The ticket, not torn.

First time listening to the latest album, I knew I had to see them before the opening track was done:

I dreamed about the few US tour locations with the might of so what, I can do this, do anything, I am an adult! now soon again, Happy New Job, Happy Spontaneity, Happy Halloween, Happy Birthday to Me, Happy Favorite Band for Half My Life and Counting, still staggered by the tracks that triggered and changed me. Still changing.

Ticket, purchased.

Not soon after… knee gone awry. Plane tickets not yet bought, I hoped against hope the twist was fluke, would not take my life. It wasn’t. It did. “Sprained ligaments,” or something, not even six weeks would fix, and I know me pretty well. The pain of so close, so far flung away before the stage, I could not have stopped myself from dancing. I can barely hold back in my kitchen. It would have been a nightmare of tears and joint tearing, permanent damage, maybe, for all my everlasting love.

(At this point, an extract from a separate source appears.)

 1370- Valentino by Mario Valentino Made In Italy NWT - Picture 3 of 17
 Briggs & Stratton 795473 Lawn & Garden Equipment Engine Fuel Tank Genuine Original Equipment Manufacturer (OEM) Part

I have seen them before, in Chicago, 2002, the Greyhound solo to a big scary city I didn’t know a soul in, or need to. Every vision quest starts with a decision, determination, a little bit of crazy, lots of heart.

I didn’t try to sell the ticket, hoping I would be magically healed or dangerously self-destructive, last minute fly to San Diego and burst. But no. I am yes an adult. Thirty years old, today. Gray hairs and acne. Still going through a stage as I limp dance across my own.

They steal my breath and give it back, crush my chest and set me writhing, drink my blood and turn me into light. They taught me things don’t have to mean things to tell stories, the sound of words more telling, instrumental than their meaning, and thingevery thingevery thingevery will be all right.

Maybe some other time then okay?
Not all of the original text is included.